» **WHAT YOU WILL DO**:
Leave out every line that comes before the one containing "Semi-furnished 2-bedroom apartment", and reproduce the rest of the listing below exactly, through its last line.

» **DATA FOR THE TASK**:
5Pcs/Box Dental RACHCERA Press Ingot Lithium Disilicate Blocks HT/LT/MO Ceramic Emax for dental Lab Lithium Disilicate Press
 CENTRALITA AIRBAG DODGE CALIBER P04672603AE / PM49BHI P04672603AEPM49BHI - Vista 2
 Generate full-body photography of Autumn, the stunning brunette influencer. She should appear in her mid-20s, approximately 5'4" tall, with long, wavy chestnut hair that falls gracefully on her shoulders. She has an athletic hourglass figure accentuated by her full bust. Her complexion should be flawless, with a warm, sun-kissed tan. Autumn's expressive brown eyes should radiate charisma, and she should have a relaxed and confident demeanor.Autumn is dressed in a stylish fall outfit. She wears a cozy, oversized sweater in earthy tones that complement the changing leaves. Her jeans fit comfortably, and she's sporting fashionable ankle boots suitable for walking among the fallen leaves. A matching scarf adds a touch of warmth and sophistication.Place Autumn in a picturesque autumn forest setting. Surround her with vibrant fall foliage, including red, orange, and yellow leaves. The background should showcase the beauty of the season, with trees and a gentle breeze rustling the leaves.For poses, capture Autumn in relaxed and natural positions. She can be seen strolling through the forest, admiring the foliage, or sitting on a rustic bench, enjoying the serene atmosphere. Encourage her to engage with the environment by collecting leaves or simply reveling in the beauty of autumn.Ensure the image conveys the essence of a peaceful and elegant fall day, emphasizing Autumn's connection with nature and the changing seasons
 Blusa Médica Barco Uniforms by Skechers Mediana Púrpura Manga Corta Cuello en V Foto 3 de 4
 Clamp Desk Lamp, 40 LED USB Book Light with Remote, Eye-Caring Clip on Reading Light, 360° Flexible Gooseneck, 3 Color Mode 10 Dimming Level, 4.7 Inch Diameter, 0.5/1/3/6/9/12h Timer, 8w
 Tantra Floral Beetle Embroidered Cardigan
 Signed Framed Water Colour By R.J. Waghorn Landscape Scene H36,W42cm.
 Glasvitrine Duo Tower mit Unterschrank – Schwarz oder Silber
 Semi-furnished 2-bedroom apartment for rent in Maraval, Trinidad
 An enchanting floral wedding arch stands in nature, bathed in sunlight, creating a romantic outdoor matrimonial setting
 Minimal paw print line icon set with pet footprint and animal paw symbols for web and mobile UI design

» **RESPONSE AREA**:
 Semi-furnished 2-bedroom apartment for rent in Maraval, Trinidad
 An enchanting floral wedding arch stands in nature, bathed in sunlight, creating a romantic outdoor matrimonial setting
 Minimal paw print line icon set with pet footprint and animal paw symbols for web and mobile UI design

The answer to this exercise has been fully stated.